Zelda: The Wand of Gamelon Reviewed by Chad Reinhardt on . Rating: 10%

Zelda: The Wand of Gamelon

Hot on the heels of the most monumentally disgraceful misuse of a popular game franchise in the history of videogames, Philips quickly churned out a sequel to Link: The Faces of Evil, in the same damn year! This only serves to solidify the notion that Philips spent no time polishing, play-testing, writing, animating, or producing this ill-conceived spin-off franchise. The Wand of Gamelon employs everything you hated about the first game in exactly the same manner, with a slightly different character model.
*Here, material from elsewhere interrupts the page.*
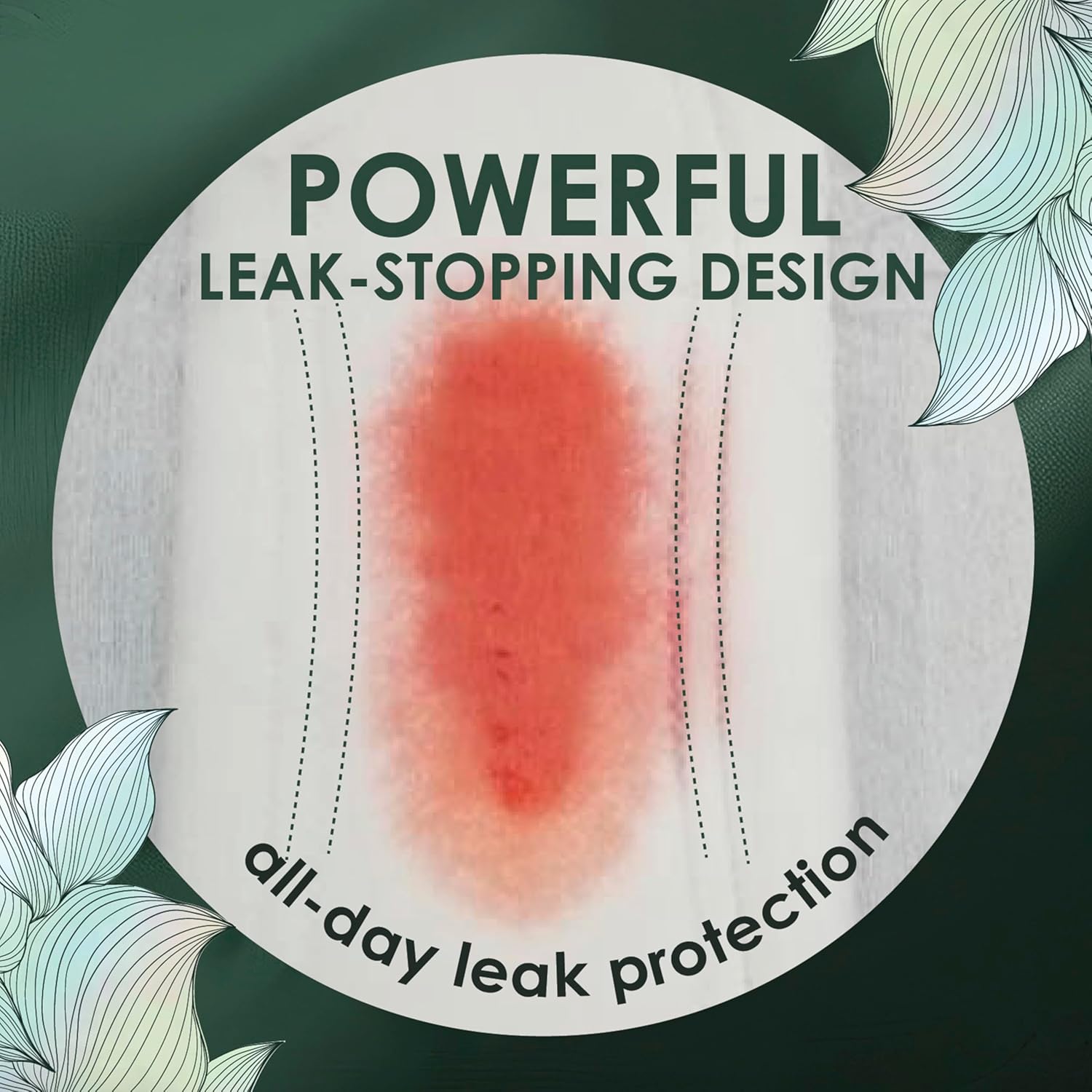 L. Extra Long Maxi Pads for Women, Overnight Absorbency, Organic Cotton Top Layer, Unscented Pads with Wings, 56 Count (2 Packs of 28) - Image 8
The opening animation is identical in terms of style to Faces of Evil. This time, however, both the King and Link venture off to uncharted territory, only to be lost and taken captive, leaving Zelda in charge of rescuing them from further loss of dignity. Unfortunately, Zelda fails miserably in her task.

There isn't much to say about this game that I hadn't already expressed via sobbing uncontrollably on the keyboard and miraculously typing in my review for Faces of Evil. The controls are still terrible at best. The same "who the hell came up with this?" style is employed - button One slashing, button Two simultaneously opening doors and opening the inventory menu, button Three using a special item, and directional button Up used for jumping.

Zelda, just as Link before her, cannot slash up towards enemies, and there is no button used for activating the shield. You must, instead, stop moving for about one second, and the shield suddenly comes into play. This means you have to advance at enemies very slowly, stop, wait for the shield to cover Zelda, block the incoming projectile, and repeat. The enemies are also exactly the same as they were before, which, for some unexplained reason, are all dinosaurs. Pterodactyl enemies fly down at your character, and you will suffer unnecessary cheap hits trying to vanquish them. And I swear the shopkeeper refers to the currency as "rubies" instead of "rupees".

The music has that same "never going to be considered catchy by anyone other than the jackass that composed it" flair, and the sound effects are minimal and uninspired. In short, Wand of Gamelon keeps the 0 and 1 record going steady for Philips, and since they learned nothing, nor let a sufficient amount of time pass TO learn anything from the abysmal first entry in this series, I have to give this game an even lower score. Of course, just as the last game, knock my score down another 10 points if you cherish the legitimate Zelda series.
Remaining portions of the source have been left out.